Les attaques ciblées dans les entreprises deviennent de plus en plus sophistiquées. Symantec vient ainsi de détecter dans l’Hexagone un nouveau mode opératoire particulièrement diabolique. Quatorze entreprises françaises ont récemment été la cible d’un cheval de Troie baptisé W32.Shadesrat, un logiciel malveillant qui permet de prendre le contrôle total de la machine infectée.
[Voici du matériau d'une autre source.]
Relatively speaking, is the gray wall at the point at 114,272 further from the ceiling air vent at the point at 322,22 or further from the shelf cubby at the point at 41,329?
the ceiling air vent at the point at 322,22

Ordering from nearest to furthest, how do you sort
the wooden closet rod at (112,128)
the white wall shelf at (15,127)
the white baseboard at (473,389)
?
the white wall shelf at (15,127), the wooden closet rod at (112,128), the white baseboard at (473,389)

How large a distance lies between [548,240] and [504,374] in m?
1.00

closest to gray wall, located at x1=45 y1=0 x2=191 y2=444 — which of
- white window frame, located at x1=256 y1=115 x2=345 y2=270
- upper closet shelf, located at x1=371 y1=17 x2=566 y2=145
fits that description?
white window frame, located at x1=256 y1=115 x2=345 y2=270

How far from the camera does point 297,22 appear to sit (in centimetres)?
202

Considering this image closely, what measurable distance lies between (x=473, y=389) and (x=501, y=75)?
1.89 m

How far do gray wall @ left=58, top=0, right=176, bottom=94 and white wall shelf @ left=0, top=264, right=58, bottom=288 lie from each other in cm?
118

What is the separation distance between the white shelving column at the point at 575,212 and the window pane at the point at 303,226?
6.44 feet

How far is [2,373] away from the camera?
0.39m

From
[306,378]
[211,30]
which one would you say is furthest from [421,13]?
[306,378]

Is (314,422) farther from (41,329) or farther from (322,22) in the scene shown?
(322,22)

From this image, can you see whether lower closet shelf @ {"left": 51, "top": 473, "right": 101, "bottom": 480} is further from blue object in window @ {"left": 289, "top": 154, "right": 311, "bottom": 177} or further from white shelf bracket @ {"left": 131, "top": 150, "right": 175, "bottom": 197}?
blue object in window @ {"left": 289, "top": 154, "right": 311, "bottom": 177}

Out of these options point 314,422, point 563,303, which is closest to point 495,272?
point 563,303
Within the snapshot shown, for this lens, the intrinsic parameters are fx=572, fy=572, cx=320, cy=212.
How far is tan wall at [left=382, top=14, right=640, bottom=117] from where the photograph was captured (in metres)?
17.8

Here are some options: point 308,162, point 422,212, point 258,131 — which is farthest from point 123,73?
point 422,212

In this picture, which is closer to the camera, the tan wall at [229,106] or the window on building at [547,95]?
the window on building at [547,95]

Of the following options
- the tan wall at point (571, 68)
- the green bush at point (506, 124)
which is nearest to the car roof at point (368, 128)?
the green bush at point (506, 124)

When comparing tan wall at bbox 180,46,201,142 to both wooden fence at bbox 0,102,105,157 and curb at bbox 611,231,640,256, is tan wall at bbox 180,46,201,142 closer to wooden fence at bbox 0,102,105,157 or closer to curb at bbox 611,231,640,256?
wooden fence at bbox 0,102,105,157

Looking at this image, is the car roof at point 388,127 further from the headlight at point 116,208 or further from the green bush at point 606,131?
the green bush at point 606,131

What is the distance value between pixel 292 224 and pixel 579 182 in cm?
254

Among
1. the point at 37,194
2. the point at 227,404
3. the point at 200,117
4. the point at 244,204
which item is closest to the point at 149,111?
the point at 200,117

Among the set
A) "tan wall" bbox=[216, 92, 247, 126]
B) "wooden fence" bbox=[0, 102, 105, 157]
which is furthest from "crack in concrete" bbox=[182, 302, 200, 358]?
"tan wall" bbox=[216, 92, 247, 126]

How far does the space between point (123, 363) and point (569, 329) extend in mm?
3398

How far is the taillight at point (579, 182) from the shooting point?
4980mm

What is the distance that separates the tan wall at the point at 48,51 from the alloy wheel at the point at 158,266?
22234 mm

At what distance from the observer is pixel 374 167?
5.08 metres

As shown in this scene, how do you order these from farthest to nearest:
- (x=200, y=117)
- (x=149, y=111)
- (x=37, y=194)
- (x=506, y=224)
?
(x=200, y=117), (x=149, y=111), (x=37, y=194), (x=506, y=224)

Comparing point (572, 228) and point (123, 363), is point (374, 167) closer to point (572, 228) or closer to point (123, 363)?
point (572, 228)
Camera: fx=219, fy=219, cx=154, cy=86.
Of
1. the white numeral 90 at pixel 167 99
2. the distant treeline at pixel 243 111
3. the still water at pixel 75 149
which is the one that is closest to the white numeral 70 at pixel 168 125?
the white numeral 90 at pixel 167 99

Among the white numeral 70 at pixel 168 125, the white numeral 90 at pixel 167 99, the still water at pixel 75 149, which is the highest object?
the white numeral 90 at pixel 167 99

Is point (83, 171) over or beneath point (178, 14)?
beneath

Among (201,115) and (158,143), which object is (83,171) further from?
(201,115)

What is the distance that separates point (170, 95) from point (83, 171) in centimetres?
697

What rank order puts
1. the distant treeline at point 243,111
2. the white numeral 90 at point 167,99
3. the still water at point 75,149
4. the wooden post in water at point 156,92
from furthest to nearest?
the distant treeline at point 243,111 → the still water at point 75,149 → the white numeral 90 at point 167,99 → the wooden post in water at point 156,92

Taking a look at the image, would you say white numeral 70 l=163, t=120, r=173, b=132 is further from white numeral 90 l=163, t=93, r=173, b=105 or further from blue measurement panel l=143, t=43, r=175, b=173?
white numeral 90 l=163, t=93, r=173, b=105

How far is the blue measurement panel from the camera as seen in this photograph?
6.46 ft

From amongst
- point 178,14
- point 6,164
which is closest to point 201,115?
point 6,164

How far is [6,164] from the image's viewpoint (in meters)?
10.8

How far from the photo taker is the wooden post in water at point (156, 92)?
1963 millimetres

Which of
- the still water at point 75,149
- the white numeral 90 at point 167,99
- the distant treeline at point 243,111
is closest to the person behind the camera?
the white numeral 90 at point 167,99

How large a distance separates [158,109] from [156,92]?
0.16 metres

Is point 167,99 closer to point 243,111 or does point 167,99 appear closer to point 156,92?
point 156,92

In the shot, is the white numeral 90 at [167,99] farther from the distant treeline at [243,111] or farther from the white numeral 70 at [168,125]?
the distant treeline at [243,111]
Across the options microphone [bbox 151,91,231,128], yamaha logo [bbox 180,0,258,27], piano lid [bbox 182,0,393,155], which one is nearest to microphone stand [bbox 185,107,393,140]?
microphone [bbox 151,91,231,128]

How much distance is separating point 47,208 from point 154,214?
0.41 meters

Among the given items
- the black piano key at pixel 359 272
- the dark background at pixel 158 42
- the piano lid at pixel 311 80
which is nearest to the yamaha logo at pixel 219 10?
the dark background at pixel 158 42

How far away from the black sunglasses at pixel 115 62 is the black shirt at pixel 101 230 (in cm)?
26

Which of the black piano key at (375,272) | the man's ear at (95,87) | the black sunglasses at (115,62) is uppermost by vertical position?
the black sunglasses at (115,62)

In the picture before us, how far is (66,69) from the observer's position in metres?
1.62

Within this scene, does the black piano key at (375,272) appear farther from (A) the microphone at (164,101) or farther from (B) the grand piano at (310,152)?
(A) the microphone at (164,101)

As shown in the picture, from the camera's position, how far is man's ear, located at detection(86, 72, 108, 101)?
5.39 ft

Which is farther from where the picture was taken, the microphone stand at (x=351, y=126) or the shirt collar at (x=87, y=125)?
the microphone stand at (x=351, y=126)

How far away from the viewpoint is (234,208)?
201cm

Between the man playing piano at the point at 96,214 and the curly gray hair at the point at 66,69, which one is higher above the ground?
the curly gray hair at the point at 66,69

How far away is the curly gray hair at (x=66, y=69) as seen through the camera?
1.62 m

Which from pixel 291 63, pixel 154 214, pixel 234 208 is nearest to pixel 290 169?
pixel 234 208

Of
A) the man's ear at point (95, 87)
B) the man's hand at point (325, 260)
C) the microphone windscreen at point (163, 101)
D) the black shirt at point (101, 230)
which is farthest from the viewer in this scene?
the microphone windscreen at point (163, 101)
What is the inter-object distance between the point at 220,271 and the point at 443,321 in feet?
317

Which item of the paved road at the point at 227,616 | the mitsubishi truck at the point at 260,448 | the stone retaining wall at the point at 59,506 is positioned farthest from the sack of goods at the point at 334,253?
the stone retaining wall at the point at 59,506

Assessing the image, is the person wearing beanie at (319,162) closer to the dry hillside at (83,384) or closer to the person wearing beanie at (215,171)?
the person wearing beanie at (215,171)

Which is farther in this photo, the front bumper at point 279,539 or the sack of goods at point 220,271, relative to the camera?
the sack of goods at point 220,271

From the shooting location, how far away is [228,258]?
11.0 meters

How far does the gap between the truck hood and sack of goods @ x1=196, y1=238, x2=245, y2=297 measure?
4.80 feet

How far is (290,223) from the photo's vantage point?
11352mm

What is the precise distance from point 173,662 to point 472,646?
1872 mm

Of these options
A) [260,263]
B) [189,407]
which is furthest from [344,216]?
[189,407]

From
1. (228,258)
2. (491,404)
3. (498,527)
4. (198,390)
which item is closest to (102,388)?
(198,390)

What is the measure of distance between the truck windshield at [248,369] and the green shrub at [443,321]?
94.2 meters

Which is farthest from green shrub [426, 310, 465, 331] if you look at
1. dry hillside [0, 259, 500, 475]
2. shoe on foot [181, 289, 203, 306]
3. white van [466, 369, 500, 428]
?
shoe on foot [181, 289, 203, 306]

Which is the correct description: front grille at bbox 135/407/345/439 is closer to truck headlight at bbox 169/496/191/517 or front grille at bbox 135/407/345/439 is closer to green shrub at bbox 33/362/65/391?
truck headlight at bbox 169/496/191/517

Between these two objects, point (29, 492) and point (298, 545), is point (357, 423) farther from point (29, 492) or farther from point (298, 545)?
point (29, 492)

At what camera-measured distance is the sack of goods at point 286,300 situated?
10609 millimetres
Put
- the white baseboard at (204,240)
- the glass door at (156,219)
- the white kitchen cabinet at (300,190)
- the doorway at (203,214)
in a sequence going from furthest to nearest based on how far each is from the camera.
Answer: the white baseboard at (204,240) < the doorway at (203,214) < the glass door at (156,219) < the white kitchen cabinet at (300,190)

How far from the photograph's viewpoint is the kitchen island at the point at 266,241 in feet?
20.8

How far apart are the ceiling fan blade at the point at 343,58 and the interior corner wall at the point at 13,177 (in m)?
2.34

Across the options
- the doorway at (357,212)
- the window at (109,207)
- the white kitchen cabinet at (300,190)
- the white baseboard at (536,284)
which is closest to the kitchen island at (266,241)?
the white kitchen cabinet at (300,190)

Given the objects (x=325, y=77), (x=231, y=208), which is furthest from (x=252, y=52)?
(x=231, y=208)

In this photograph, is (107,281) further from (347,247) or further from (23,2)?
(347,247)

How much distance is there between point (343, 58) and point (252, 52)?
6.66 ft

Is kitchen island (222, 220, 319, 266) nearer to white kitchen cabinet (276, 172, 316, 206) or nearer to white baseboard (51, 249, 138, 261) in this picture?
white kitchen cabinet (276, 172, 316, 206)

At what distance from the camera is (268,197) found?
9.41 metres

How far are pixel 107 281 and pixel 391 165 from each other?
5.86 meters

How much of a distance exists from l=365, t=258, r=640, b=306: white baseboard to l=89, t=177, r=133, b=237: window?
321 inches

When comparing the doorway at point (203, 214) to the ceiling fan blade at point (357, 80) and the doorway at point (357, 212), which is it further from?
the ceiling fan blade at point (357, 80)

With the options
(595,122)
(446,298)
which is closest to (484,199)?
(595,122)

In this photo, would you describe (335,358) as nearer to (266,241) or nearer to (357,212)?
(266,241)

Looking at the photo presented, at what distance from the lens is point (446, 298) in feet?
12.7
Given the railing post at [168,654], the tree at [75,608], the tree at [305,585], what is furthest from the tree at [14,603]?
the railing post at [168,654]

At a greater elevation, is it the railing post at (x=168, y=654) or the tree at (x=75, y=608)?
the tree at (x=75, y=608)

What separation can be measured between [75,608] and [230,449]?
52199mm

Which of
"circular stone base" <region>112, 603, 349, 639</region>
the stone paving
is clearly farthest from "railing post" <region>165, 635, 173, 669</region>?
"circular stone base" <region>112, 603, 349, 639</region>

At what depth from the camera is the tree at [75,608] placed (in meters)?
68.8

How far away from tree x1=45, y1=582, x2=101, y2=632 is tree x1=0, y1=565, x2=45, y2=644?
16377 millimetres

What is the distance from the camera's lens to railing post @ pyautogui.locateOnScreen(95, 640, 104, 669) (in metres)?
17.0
Jusque-là, rien de nouveau, d’autant plus que ce cheval de Troie circule déjà sur la Toile depuis quelques années.

L’originalité réside plutôt au niveau de l’ingénierie sociale. Les cybercriminels ont envoyé l’e-mail à une personne bien précise, avec un message taillé sur mesure à la clé. Cet envoi était doublé d’un coup de fil auprès de la même personne, pour lui donner plus de crédibilité et s’assurer qu’il soit ouvert en toute confiance. Généralement, les personnes ciblées sont des assistantes de direction ou des comptables, contactés, par exemple, pour une raison de facturation. L’attaque a visé aussi bien des grandes entreprises que des PME.